--- Problem details ---
Which lines of the data hold the word "logo"? Copy all of them.
== Segment start ==
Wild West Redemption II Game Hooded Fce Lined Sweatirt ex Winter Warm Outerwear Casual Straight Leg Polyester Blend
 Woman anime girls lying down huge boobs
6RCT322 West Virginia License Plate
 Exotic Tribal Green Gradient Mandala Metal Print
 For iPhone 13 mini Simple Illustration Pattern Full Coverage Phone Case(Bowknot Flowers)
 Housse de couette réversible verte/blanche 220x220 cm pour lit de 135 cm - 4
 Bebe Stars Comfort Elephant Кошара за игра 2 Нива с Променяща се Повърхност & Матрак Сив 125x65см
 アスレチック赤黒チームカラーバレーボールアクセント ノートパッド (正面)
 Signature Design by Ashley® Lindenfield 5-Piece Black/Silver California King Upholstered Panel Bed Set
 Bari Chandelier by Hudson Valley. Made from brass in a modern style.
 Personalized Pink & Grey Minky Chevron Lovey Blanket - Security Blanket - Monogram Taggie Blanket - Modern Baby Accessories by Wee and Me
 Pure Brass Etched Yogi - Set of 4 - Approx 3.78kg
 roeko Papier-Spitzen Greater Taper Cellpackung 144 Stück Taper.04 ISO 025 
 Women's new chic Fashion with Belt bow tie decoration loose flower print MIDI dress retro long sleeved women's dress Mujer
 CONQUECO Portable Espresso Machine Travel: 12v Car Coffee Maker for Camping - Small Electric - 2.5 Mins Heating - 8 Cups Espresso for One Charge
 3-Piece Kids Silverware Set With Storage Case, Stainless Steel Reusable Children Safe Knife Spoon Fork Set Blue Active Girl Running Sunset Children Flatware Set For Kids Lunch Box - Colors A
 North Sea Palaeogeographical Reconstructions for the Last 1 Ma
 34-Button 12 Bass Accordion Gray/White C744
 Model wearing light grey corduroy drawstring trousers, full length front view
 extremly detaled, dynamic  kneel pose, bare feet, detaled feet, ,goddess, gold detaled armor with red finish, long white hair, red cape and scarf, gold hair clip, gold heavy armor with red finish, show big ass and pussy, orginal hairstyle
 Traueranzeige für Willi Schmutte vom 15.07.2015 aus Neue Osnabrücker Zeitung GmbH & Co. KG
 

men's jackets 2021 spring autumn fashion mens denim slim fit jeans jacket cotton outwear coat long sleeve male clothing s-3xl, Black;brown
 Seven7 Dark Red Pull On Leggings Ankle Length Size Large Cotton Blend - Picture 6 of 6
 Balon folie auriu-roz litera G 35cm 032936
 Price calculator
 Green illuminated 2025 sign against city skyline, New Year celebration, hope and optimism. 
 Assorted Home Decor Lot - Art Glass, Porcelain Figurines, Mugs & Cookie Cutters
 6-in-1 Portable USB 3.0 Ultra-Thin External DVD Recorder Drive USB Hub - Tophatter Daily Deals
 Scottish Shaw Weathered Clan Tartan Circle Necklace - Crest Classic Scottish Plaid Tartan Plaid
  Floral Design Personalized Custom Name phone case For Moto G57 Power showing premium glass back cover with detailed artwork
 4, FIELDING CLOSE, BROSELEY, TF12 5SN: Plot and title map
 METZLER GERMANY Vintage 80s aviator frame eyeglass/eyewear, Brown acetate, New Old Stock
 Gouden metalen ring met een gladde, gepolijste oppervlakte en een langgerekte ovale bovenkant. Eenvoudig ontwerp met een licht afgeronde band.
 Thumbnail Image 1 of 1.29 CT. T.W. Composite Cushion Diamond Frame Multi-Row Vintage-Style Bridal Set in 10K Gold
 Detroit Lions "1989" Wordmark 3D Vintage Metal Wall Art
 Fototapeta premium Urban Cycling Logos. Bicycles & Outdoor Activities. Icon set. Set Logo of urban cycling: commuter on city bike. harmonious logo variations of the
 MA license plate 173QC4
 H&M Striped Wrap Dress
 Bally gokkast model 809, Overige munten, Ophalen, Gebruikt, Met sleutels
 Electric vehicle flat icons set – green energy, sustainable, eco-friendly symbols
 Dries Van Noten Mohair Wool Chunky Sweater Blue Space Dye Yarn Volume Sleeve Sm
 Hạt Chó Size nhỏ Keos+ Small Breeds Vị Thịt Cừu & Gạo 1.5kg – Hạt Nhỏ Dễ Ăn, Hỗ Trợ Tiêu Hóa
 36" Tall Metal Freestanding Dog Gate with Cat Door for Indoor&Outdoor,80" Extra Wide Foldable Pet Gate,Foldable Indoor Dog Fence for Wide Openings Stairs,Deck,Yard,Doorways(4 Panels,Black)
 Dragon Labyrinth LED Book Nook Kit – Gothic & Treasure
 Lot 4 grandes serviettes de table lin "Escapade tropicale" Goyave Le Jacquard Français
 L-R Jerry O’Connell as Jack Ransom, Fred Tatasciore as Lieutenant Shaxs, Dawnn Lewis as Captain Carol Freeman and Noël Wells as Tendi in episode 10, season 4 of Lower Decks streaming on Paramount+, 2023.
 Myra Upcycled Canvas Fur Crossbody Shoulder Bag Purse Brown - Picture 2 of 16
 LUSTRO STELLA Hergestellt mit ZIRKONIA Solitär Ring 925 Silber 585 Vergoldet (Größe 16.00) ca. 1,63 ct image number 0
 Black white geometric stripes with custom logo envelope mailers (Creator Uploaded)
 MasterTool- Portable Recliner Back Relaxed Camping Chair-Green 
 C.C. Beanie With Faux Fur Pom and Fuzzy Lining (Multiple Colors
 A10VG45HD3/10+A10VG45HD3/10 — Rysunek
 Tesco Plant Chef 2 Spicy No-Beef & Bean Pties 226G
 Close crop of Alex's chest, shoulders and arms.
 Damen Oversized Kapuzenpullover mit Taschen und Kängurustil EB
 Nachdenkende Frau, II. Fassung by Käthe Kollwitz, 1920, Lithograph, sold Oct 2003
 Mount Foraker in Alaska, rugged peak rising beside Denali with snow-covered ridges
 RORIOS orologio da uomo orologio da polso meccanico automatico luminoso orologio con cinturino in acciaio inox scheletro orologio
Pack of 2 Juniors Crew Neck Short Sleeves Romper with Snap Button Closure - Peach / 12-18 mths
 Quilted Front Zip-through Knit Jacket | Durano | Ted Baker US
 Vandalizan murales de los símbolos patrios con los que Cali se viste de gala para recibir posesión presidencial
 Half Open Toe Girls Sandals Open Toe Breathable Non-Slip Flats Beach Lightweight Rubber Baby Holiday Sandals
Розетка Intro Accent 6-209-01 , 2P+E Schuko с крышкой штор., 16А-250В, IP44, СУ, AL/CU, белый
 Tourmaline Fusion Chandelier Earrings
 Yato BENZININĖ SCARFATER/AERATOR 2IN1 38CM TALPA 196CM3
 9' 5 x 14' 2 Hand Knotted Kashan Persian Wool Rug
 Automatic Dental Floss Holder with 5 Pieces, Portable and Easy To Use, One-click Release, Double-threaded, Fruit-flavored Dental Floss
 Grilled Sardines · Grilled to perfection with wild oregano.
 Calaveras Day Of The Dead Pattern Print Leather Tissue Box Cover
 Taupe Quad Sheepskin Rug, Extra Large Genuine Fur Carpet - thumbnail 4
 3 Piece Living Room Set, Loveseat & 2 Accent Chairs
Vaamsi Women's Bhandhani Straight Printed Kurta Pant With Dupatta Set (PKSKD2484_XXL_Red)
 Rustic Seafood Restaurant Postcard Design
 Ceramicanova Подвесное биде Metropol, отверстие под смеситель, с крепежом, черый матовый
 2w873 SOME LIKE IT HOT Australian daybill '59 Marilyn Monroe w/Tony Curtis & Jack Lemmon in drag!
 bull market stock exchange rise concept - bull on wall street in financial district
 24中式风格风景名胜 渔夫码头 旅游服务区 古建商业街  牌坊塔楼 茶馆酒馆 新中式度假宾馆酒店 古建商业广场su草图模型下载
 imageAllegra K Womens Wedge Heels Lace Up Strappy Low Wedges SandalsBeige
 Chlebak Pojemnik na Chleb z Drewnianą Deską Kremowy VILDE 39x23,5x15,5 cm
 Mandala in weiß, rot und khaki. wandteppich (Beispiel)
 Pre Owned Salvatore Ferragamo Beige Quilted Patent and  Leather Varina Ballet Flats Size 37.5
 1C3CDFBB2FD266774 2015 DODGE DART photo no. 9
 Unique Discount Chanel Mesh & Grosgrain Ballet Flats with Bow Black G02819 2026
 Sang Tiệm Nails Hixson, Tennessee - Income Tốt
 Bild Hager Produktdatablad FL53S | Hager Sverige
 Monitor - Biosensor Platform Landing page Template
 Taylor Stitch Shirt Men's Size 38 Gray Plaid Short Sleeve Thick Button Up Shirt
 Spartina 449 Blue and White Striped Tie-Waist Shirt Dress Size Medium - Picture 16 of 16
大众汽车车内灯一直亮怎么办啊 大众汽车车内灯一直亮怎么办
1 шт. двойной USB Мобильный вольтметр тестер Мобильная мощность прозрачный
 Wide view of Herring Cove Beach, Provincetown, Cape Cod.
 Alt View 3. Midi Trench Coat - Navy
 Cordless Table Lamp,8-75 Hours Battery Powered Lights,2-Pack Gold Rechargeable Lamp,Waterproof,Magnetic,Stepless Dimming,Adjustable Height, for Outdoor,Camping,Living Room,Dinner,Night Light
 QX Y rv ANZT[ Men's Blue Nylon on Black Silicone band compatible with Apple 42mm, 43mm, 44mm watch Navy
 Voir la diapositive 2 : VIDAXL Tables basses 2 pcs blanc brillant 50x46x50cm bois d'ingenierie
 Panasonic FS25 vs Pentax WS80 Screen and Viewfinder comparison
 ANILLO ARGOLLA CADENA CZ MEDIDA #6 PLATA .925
== Segment end ==
--- Reply ---
 Fototapeta premium Urban Cycling Logos. Bicycles & Outdoor Activities. Icon set. Set Logo of urban cycling: commuter on city bike. harmonious logo variations of the
 Black white geometric stripes with custom logo envelope mailers (Creator Uploaded)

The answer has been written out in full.